Barry también había recibido los resultados de la última encuesta, que no tenía intención de compartir con el candidato. El 25 de Junio, la mitad de los votantes censados sabían que había unas elecciones. De ellos, el 24 por ciento se inclinaba a favor de Ron Fisk, el 16 por ciento a favor de Sheila McCarthy y ellO por ciento a favor de Clete Coley. Las cifras prometían. En menos de dos meses, Barry había dado forma a un abogado desconocido que jamás había vestido la toga y lo había lanzado por delante de una oponente con nueve años de experiencia y todavía no habían pasado ni un solo anuncio por televisión.

El 1 de júlio, New Vista Bank, una cadena nacional con sede en Dallas, compró el Second State Bank. Huffy llamó a Wes Payton para darle la noticia, y parecía optimista. A la sucursal de Hattiesburg le habían asegurado que no iba a cambiar nada, solo el nombre. Los nuevos dueños habían revisado el préstamo, le habían hecho preguntas sobre los Payton y parecía que Huffy les había convencido de que la deuda sería satisfecha tarde o temprano.

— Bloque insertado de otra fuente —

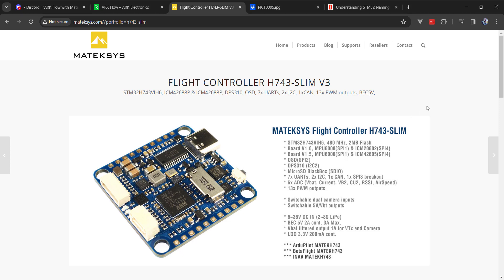In this video, I'm going to share some of the research I've done over the past two weeks to get PX4 running with the Matec H743 SLIM. I chose this for a couple of reasons. One, it's lightweight, it's relatively affordable, less than $100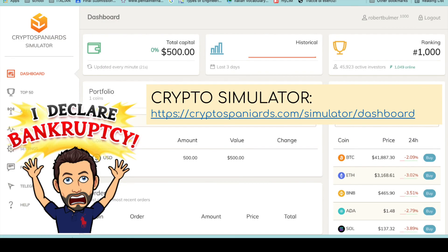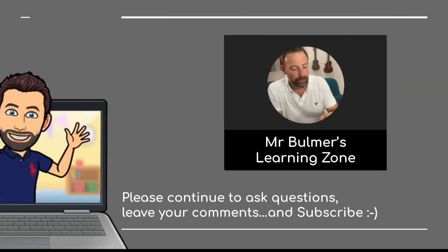Finally, just for fun, I've got a crypto simulator called Cryptospaniards.com — it's a great way of investing without actually spending any money to buy and sell cryptocurrencies. Use it with students to introduce them to cryptocurrency, Bitcoin, Ethereum, and so on, and see if you can make any virtual money. Until next time — blockchain technologies — I bid you farewell. Please subscribe if you haven't already and I will see you in the next video. Thank you very much indeed.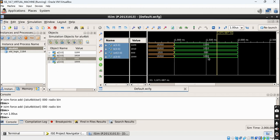You can try other values or all eight combinations by changing the values of A, B, and select and observing the output Y. So in this way, implementation and simulation of a 4-bit ALU using the Xilinx ISE Integrated Synthesis Environment is completed. Thank you.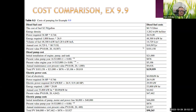A cost comparison between diesel and electric pumps considers fuel costs, installation costs including the motor, and ongoing power costs. In this example, the total present value of the electric pump is less than that of the diesel pump, making it the more economical choice.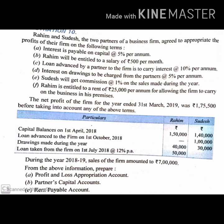Rahim is entitled to a rent of Rs. 25,000 per annum for allowing the firm to carry on the business in his premises — meaning every year rent of Rs. 25,000 will be given to Rahim. The net profit of the firm for the year ended 31st March 2019 was Rs. 1,75,500 before taking into account any of the above terms — meaning the firm's net profit is Rs. 1,75,500 before all adjustments.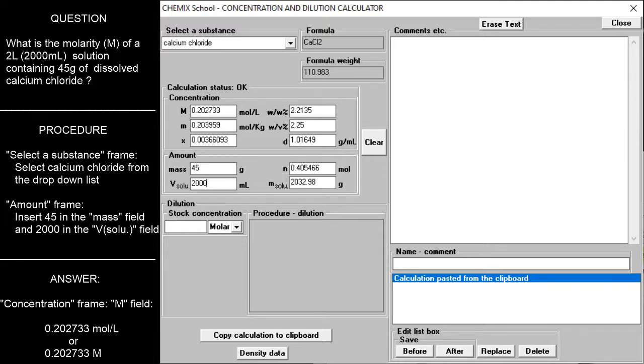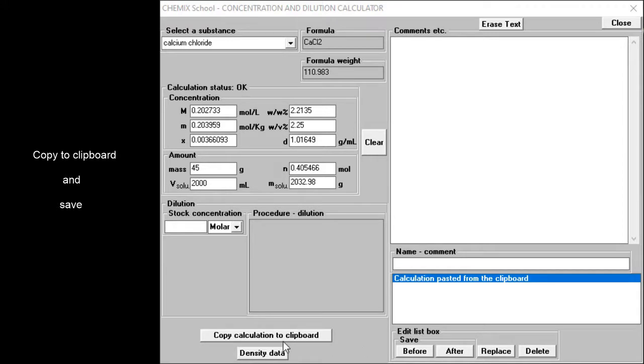To save the results, press the copy calculation to clipboard button and paste it into the comment text field.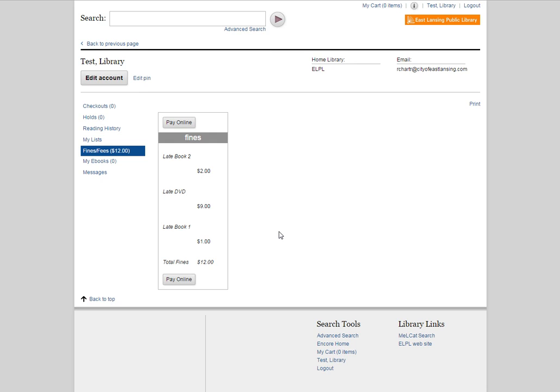Also to let you know, any payments that you make online are reflected on your library account at the library immediately. So you can make payments from home and then come in and check out books right away without having to worry about a delay time. And that's all there is to it, that is how you pay online.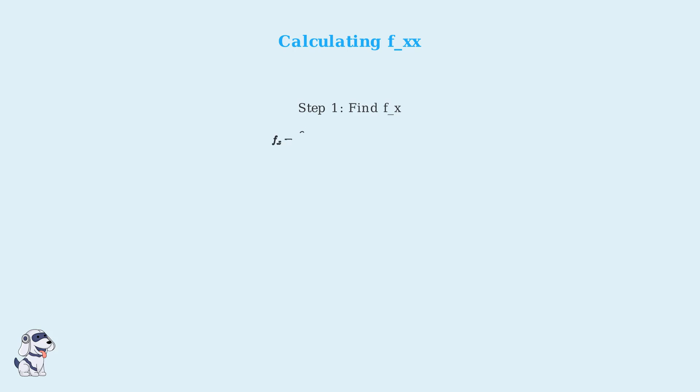First, let's calculate f double x, the second partial derivative with respect to x. To find f double x, we first take the partial derivative with respect to x, then take the partial derivative of that result with respect to x again.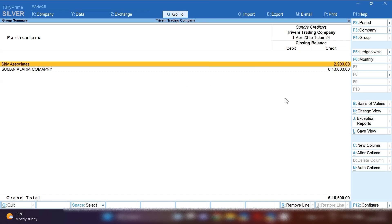You will get all your sundry creditors list over here. Now you can see only two party ledgers are showing because we have just created a new company and passed a few entries. That's why you will get to see only two entries over here. You will get all your sundry creditors, your suppliers' ledger, over here.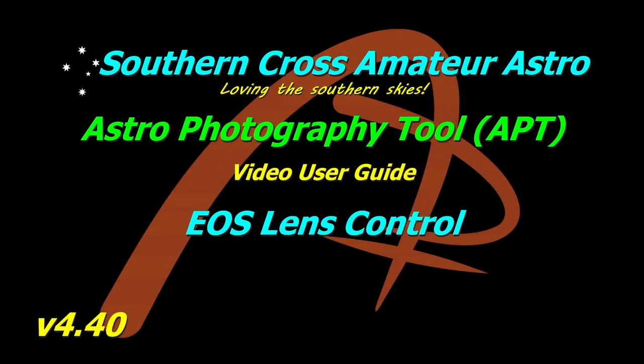Hi y'all, welcome to Southern Cross Amateur Astro and our video user guide for APT. This time I've got a little bit of clear sky out there, not the best conditions.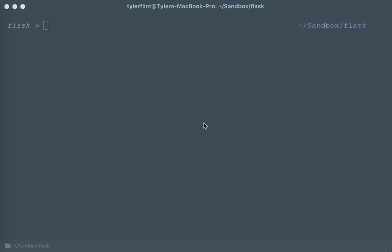Hey, this is Tyler with Nanobox and I want to show you how in just a few short minutes you can use Nanobox to create a full development environment to run and develop your application within.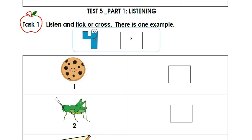1. I want a cookie. Me too. 2. I want a banana. 3. I want a sandwich. Oh no!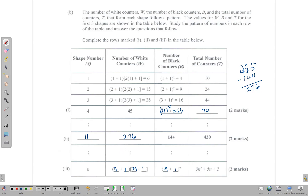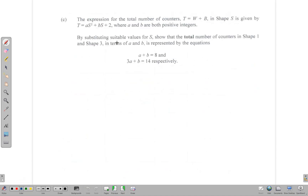There's another part of the question. It says the expression for the total number of counters — total equals white plus black — in shape S is given by T equals AS squared plus BS plus 2, where A and B are both positive integers. By substituting suitable values for S, show that the total number of counters in shape 1 and shape 3 are represented by the given equations.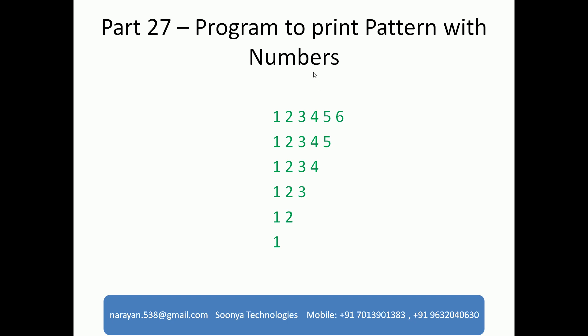Today I am going to discuss the program to print pattern with numbers. In the first row, I need to print 6 values starting from 1 and ending with 6. In the second row, I need to print 5 values starting from 1 and ending with 5, and so on.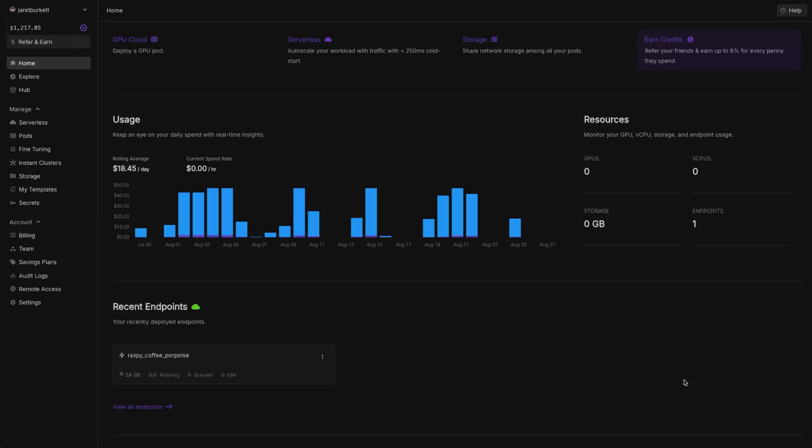One of the ones that I recommend is RunPod. If you haven't signed up for RunPod yet, I'll have an affiliate link in the description. Please use that to sign up. It just helps support this channel, AI Toolkit, and all the work that I do here. If not, no big deal.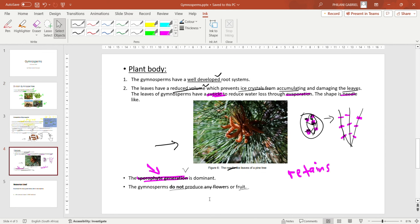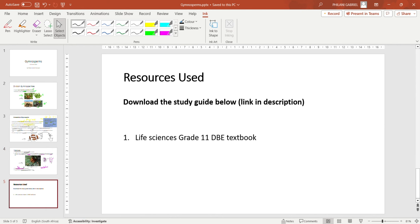Those are the characteristics of gymnosperms. I would like to acknowledge that I have used resources from the Life Sciences study guide. Don't forget to subscribe to the channel and tell your friends to stay tuned.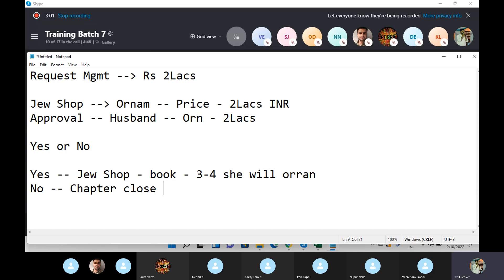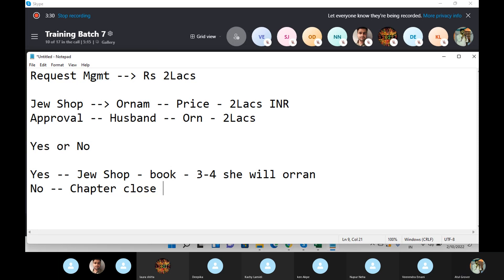This small example is basically telling us how request management works. It's not only limited to one example. If my kid needs anything from the market and he is with me, he asks me and says 'I need this thing.' If I approve, he gets it. If I don't approve, the best things children can do are cry and complain — 'you're not a good dad' — all of that.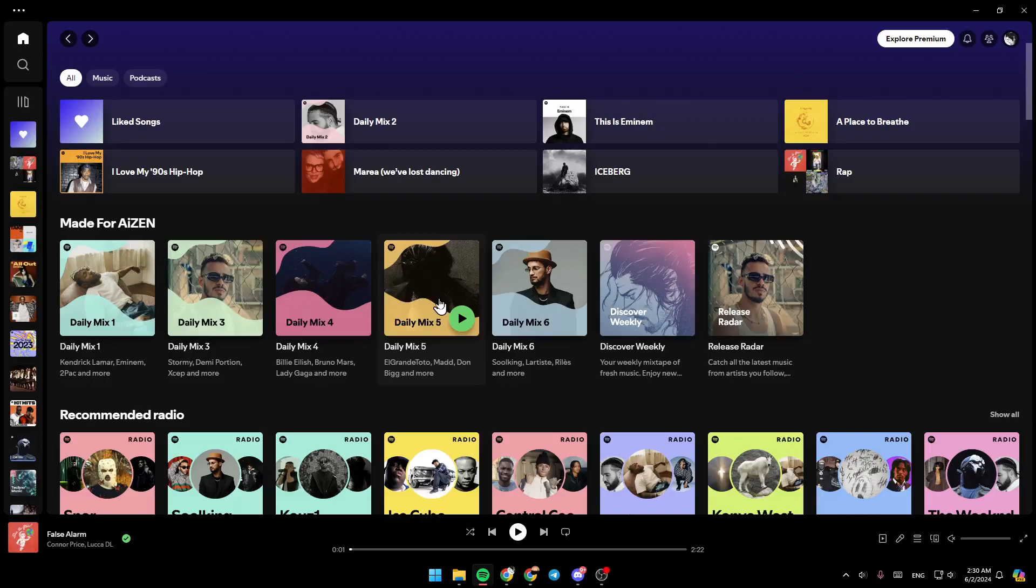Hello everyone and welcome back to a new video. In this video, I'm going to show you how you can forward songs on Spotify. So if you want to learn how to do it, just follow the steps that I'm going to show you.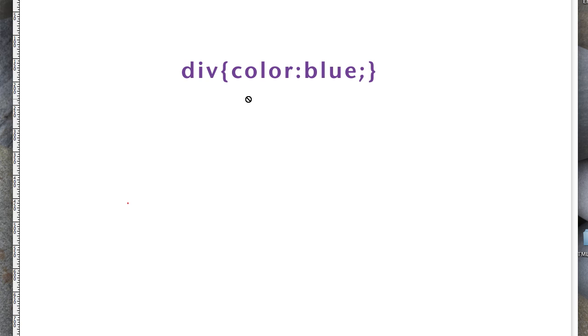It typically would go in the head section, but you can actually put it in any place in the HTML as long as it's between the opening and closing style tags. Or as I mentioned, in an external document, and I'll show that a little bit later.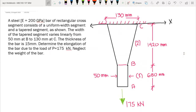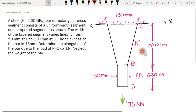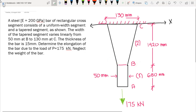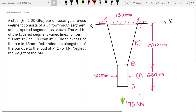We have an example here for the deformation of a member. We have a steel, so the modulus of elasticity is 200 gigapascals. We have a rectangular cross-section with a uniform width segment — that is segment 1 — and a tapered segment, segment 2, that varies linearly from 50 mm at point B to 130 mm at point C. The thickness of the bar is 15 mm. We need to determine the elongation of the bar due to the load of 175 kN, neglecting the weight of the bar.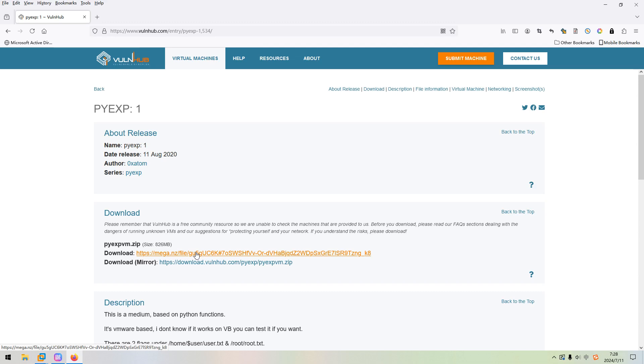Dear friends, welcome back. The machine I'm going to do together with you is PIEXP in this video. The link will be added into the description section below so that you can download and play the machine. I think from the name we can tell that maybe this machine has a lot to do with Python, which is my favorite programming language.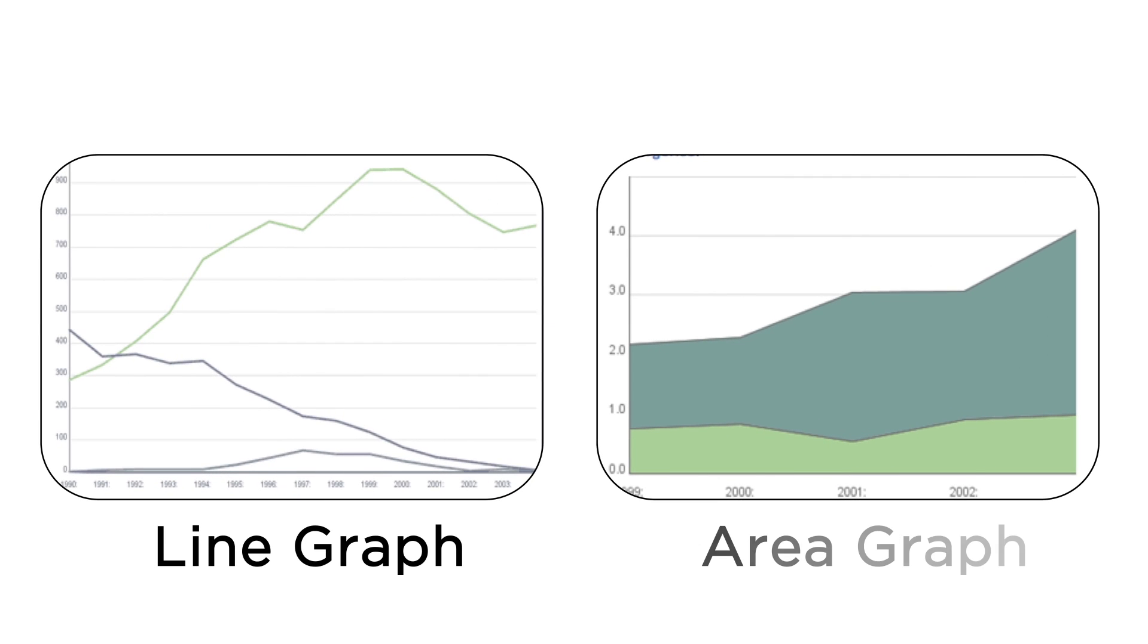And these? Well, you'll notice that the line graph and the stacked area graph track rises and falls over time.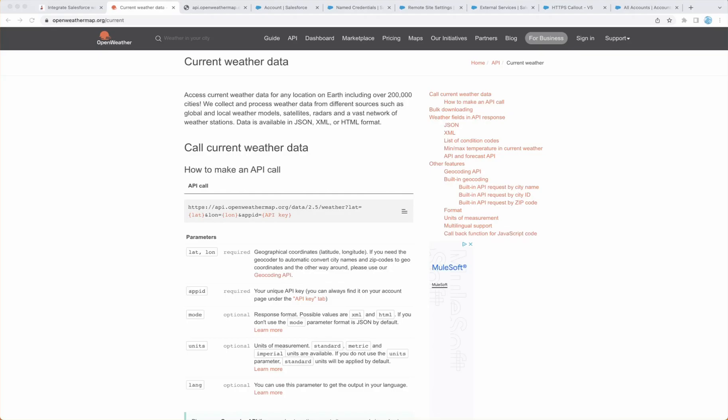Hey everyone, thanks for watching this video. Today we will learn how to integrate Salesforce with OpenWeatherMap to bring real-time weather information for Shipping City whenever an account is created.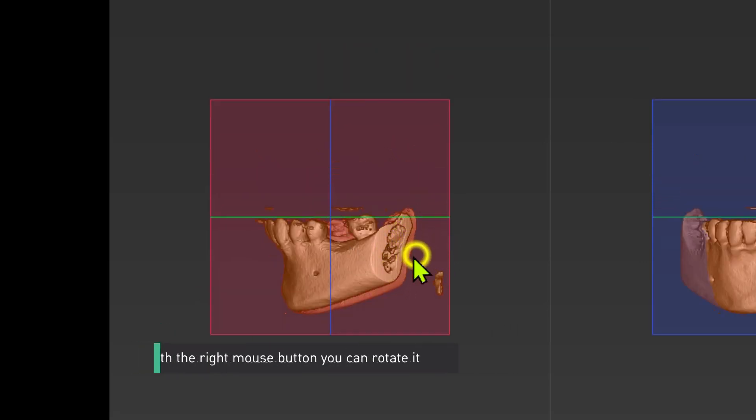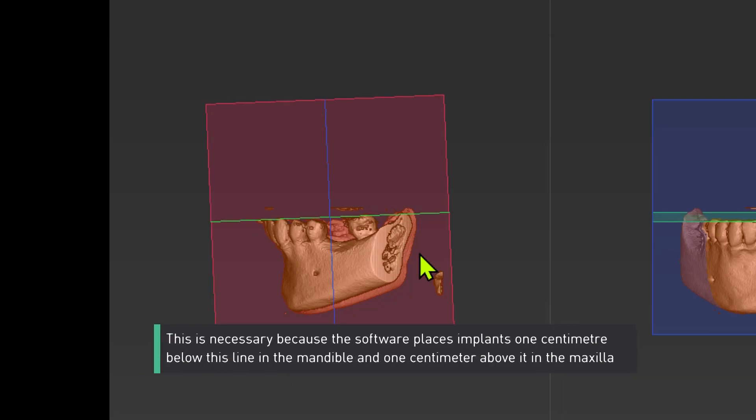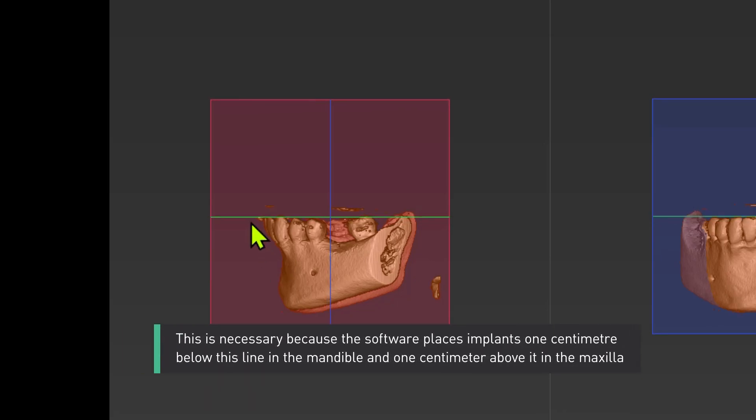With the right mouse button you can rotate it. This is necessary because the software places implants one centimeter below this line in the mandible and one centimeter above it in the maxilla.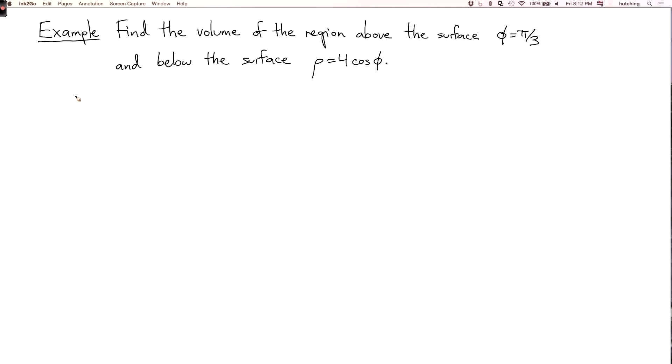Our next example, using spherical coordinates, is to find the volume of the region that's above the surface phi equals pi over 3 and below the surface rho equals 4 cosine phi. So let's first try to figure out what this region looks like by looking at the bounding surfaces.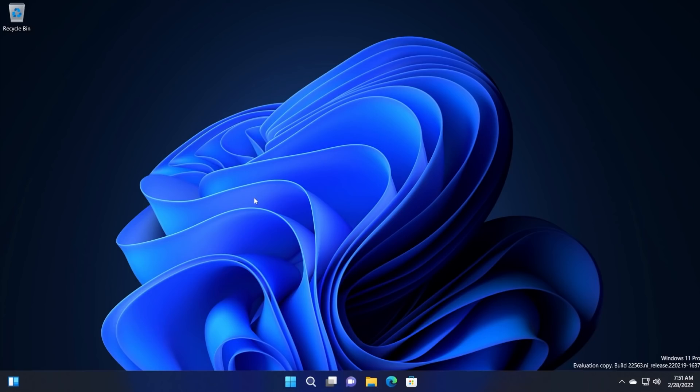Hi guys, welcome to TechBased. In this video, I'm going to show you how to enable the new taskbar that is sitting in Windows 11, the build 22563.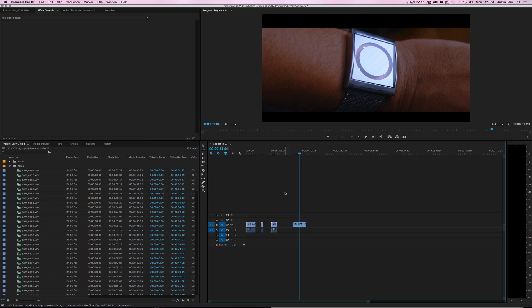Hey guys, what's up? This is going to be my quick tutorial on color correcting with Lumetri looks, which was introduced in Premiere Pro CC 2015. So yeah, let's do this.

Los Payton enviaron a Huffy un cheque de dos mil dólares por cuarto mes consecutivo.

22

En otra vida, Nathaniel Lester había sido un flamante abogado criminalista con un don especial para ganar casos de asesinato. Llegó un momento, de eso hacía dos décadas, en que consiguió doce veredictos de no culpabilidad consecutivos, prácticamente todos en pequeñas ciudades de Mississippi, en lugares donde a los acusados de crímenes atroces suele considerárseles culpables desde el momento de la detención. Su fama atrajo clientes que necesitaban asesoramiento civil, no penal, y su modesto bufete, en Mendenhall, prosperó considerablemente.

Nat obtuvo sentencias generosas y negoció acuerdos incluso más beneficiosos. Acabó especializándose en daños personales graves producidos en plataformas petrolíferas, a las que acudían muchos hombres del lugar atraídos por los salarios elevados. Era miembro activo de varios grupos de abogados litigantes, donaba grandes sumas a los candidatos políticos, se había construido la casa más grande de la ciudad, se había casado varias veces y había empezado a beber demasiado. La bebida, junto con una sucesión de acusaciones por falta de ética y diversas refriegas legales, le obligó a aminorar la marcha y, cuando finalmente se vio acorralado, renunció a su licencia de abogado para evitar una pena de prisión. Se fue de Mendenhall, volvió a casarse, dejó la bebida y resurgió en Jackson, donde abrazó el budismo, el yoga, se hizo vegetariano y adoptó un estilo de vida más sencillo. Una de las pocas decisiones inteligentes que había tomado durante su momento de mayor apogeo había sido la de guardar parte del dinero.

Durante la primera semana de agosto estuvo dando la lata a Sheila McCarthy hasta que esta aceptó ir a comer con él. No había abogado en el estado que no hubiera oído hablar del atípico ex abogado, por lo que Sheila estaba comprensiblemente nerviosa. Mientras daban cuenta del tofu y de la col de Bruselas que habían pedido, Lester se ofreció como director de campaña de manera gratuita. Volcaría toda su energía desbordante únicamente en las elecciones durante los siguientes tres meses. Sheila empezó a inquietarse. El cabello gris le llegaba hasta los hombros y llevaba pendientes de diamante que, aunque eran muy pequeños, seguían siendo visibles. También lucía un tatuaje en un brazo y Sheila no quería pensar en cuántos más tendría ni dónde se los habría hecho. Vestía vaqueros, calzaba sandalias y unas cuantas llamativas pulseras de cuero adornaban sus muñecas.